> _The problem_: When you reproduce these records, keep every word exactly and drop the images.

> _Supplied data_:
-------
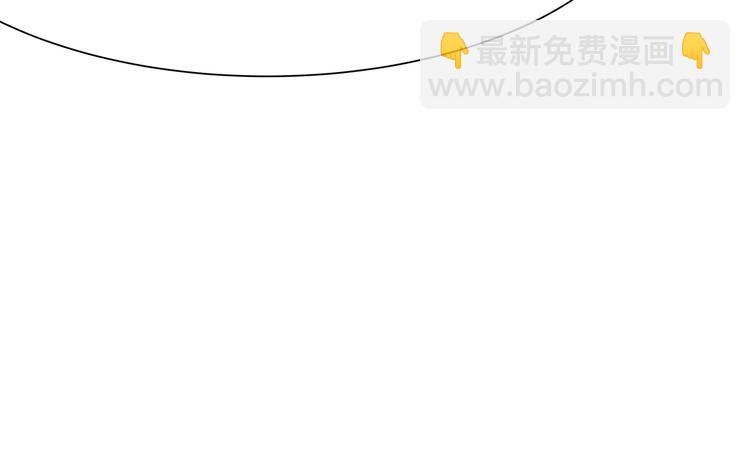 三界淘寶店 - 第1話 三界淘寶店(3/4) - 7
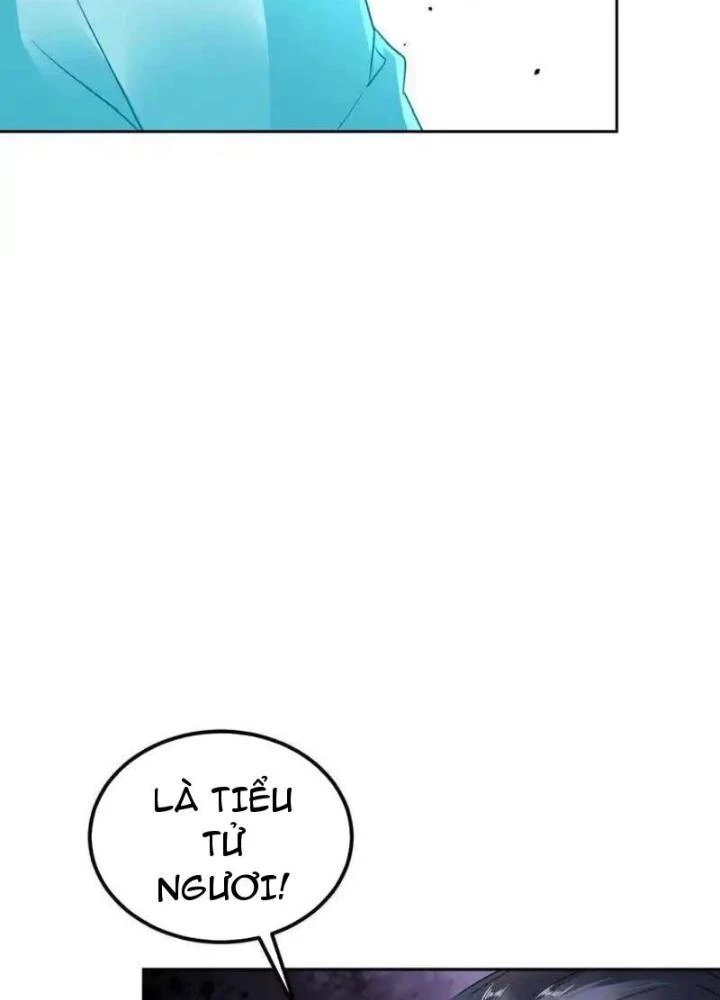 Sơn Hải Họa Yêu Sư Chapter 57 - Trang 2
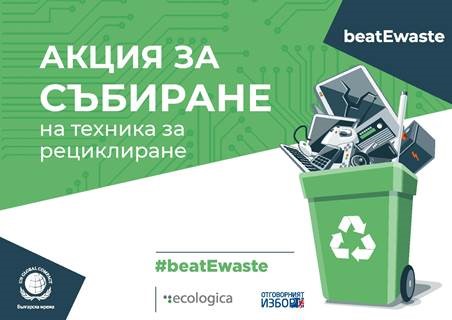 #beatEwaste - Рециклирайте електронните отпадъци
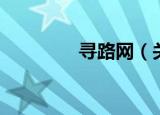 寻路网（关于寻路网介绍）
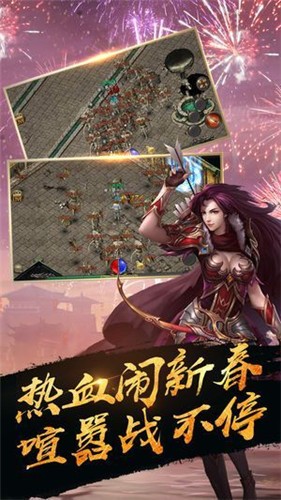 1.76版本传奇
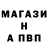 APVP Соль Slavrus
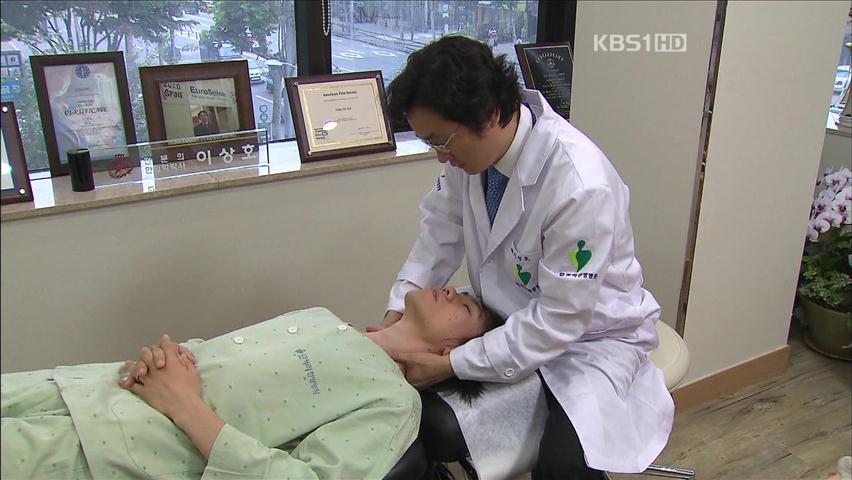 [튼튼생생] ‘태블릿PC 증후군’ 어깨·목손상 심각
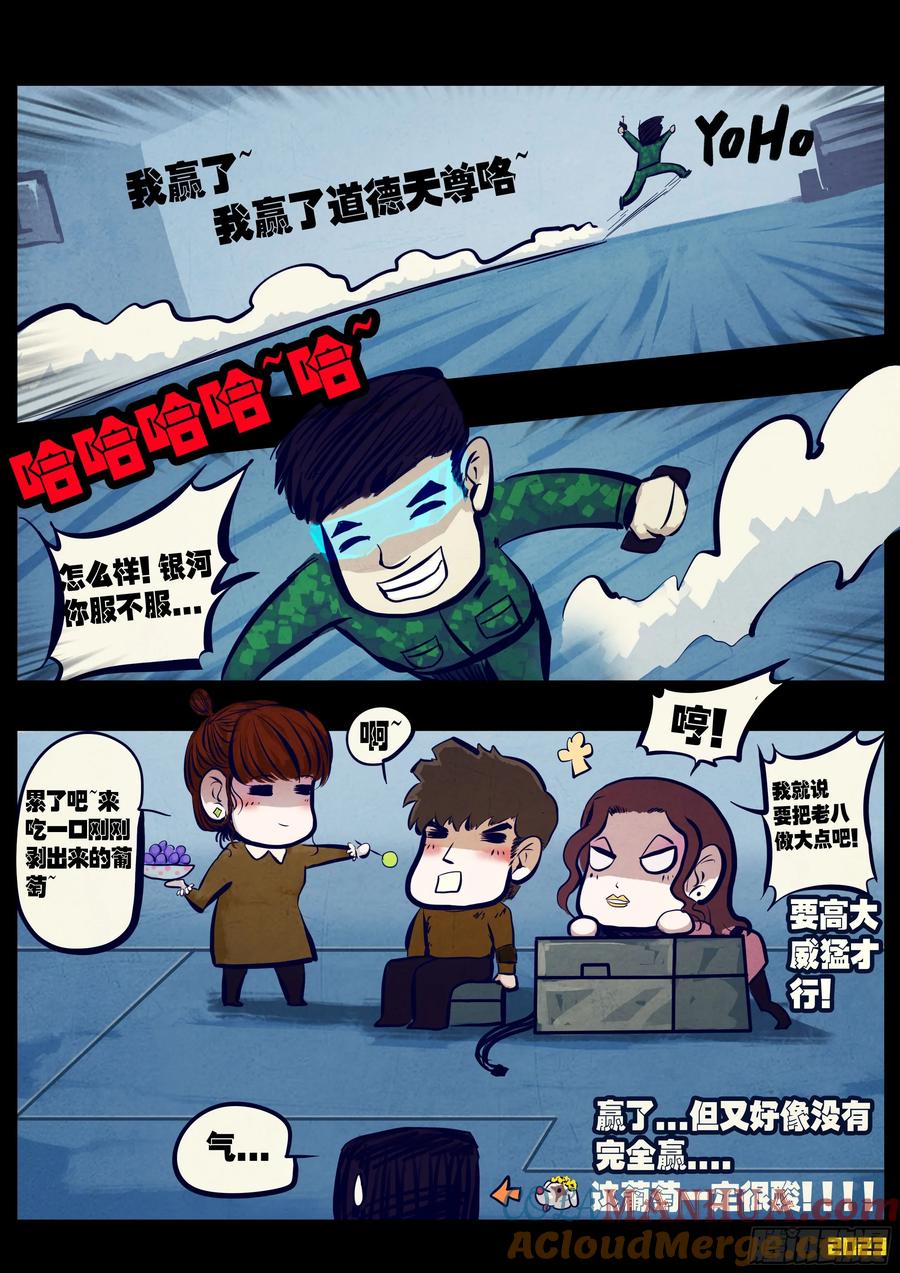 《地球尽头》259集 第21页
-------
> _Solved exercise_:
 三界淘寶店 - 第1話 三界淘寶店(3/4) - 7
 Sơn Hải Họa Yêu Sư Chapter 57 - Trang 2
 #beatEwaste - Рециклирайте електронните отпадъци
 寻路网（关于寻路网介绍）
 1.76版本传奇
 APVP Соль Slavrus
 [튼튼생생] ‘태블릿PC 증후군’ 어깨·목손상 심각
 《地球尽头》259集 第21页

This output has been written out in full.